Thursday, June 04, 2020

The lie of the land

This is a fine, long essay from Anne Applebaum. Its theme is the Republican Party's loyalty to Trump, even as he trashes their former beliefs. It explores the phenomenon of collaboration and resistance, drawing on Czesław Miłosz's classic book, The Captive Mind. But there is much more of general relevance in there.

It illuminated several of my pet obsessions. I may come back to some of those topics in a later post. This time, I want to use just one of its themes to show why the row over Dominic Cummings and his breach of lockdown is not trivial, as some try and make out. 

Cummings is a courtier. He's unelected. He has no power base other than patronage. He can be removed at a whim, but he wasn't. He was protected. Cummings was elevated to celebrity status by the scandal and allowed to give an unprecedented press conference in the Number Ten Rose Garden. His statement contained a claim so outrageous that it launched hundreds of mocking memes and a sell-out brand of craft beer. Dishonesty filled the air as he gave an account that was completely different to the one his wife had published only a few weeks before. He confirmed that he and his family had gone on a trip to Barnard Castle in breach of the lockdown, something that had been vehemently denied previously. Then came the big one, the utterly absurd reason he gave for his visit. He drove the sixty-mile round trip to test whether his eyesight was impaired. And as he left the garden after he made his statement, he smirked. He knew that he wouldn't be sacked. Any lie would make no difference. And Anne Appelbaum tells us why:
Sometimes the point isn’t to make people believe a lie—it’s to make people fear the liar.
Cummings is powerful and protected. His excuse showed just how powerful he is. It said to his enemies, 'I am dangerous.' He can say anything with impunity. He can be ridiculed, but that only increases his power. People, however much they loathe him, know that if he can get away with something so absurd, he can't be touched.

It's all part of a style. Never apologise, never resign, never bother about the truth. In a constitution based on convention rather than law, ignore restraints. If you get caught out, shrug your shoulders and carry on. Illegally proroguing Parliament was a resignation matter. Nobody resigned.

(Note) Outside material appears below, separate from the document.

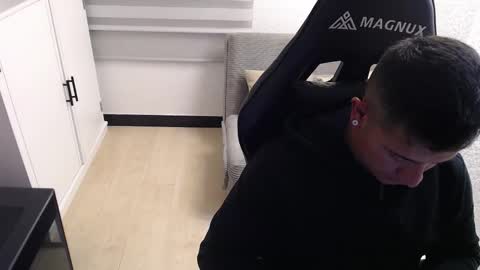 DYNAMITE DUO69 online show from March 18, 2026, 11:57 am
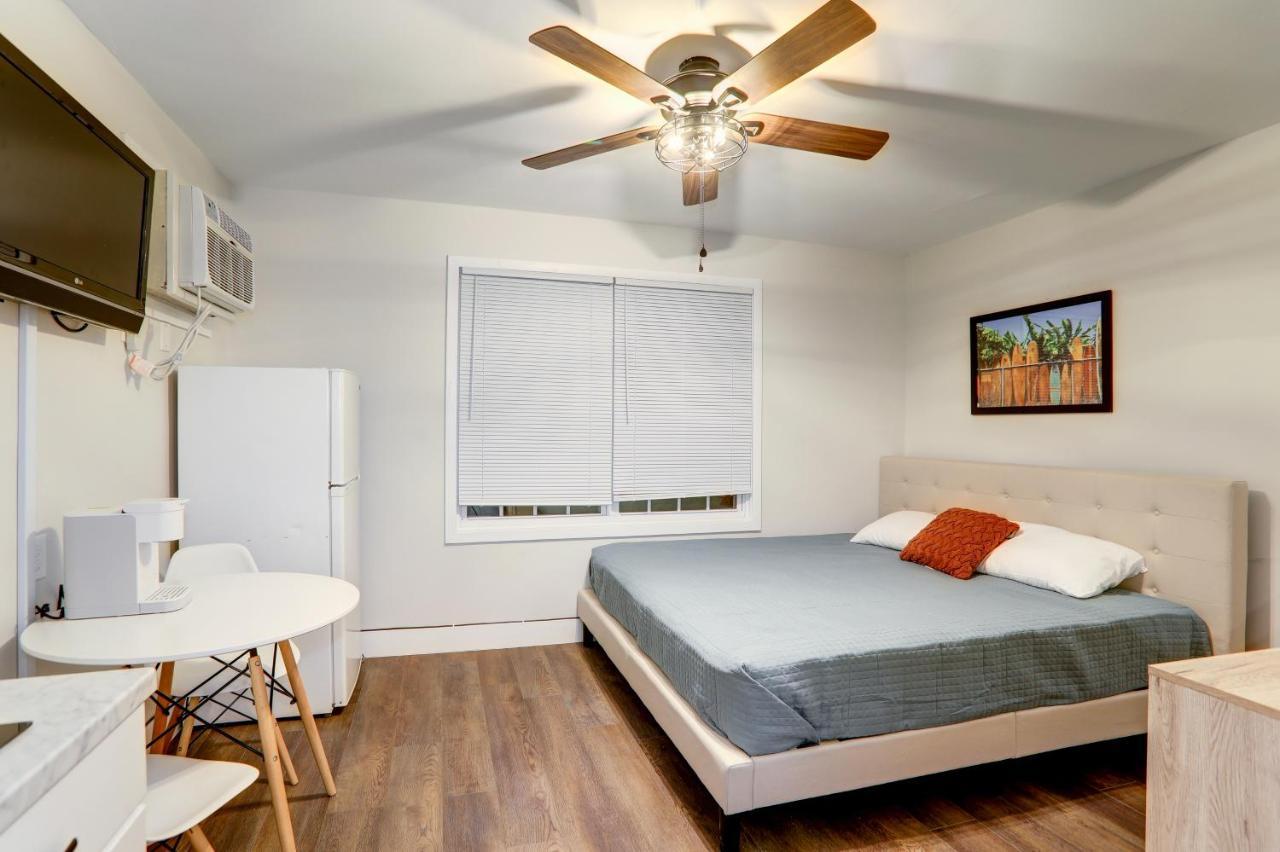 Brooklyn Club Motel 3*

Cummings is not a pluralist, I doubt if he is even a democrat. He is an authoritarian devoted to the centralisation of power. His thinking is banal. He is no evil genius, just amoral. This is where the appeal lies. Appelbaum again:
This, of course, was the insight of the “alt-right,” which understood the dark allure of amorality, open racism, anti-Semitism, and misogyny long before many others in the Republican Party. Mikhail Bakhtin, the Russian philosopher and literary critic, recognized the lure of the forbidden a century ago, writing about the deep appeal of the carnival, a space where everything banned is suddenly allowed, where eccentricity is permitted, where profanity defeats piety. The Trump administration is like that: Nothing means anything, rules don’t matter, and the president is the carnival king.
For Trump read Johnson. His whole career is based on 'telling it as it is,' a euphemism for transgressive deceit. He built his career on writing outrageous distortions about the European Union. He introduced racist and derogatory tropes into his journalism. All were delivered in the style of his unthreatening, comic, upper-class, faux persona. He was offensive with a smile. And that, for some people, is liberating. After all,
If there is no such thing as moral and immoral, then everyone is implicitly released from the need to obey any rules.
Johnson is not a serious politician. He is a bundle of needy entitlement combined with ambition without ability. Cummings is serious, with roots in the sewer of the alt-right. Mix the frivolity of transgression with the absence of any compulsion to tell the truth, and you end up with our own version of the Trump presidency. Smaller, more modest, not as overtly unpleasant, but, in its own way, just as indecent. This is where we are now. It disturbs me.

2 comments:

Anonymous said...

Another blog post Peter.
AndyH

Anonymous said...

Sorry, I meant to write another excellent blog post Peter.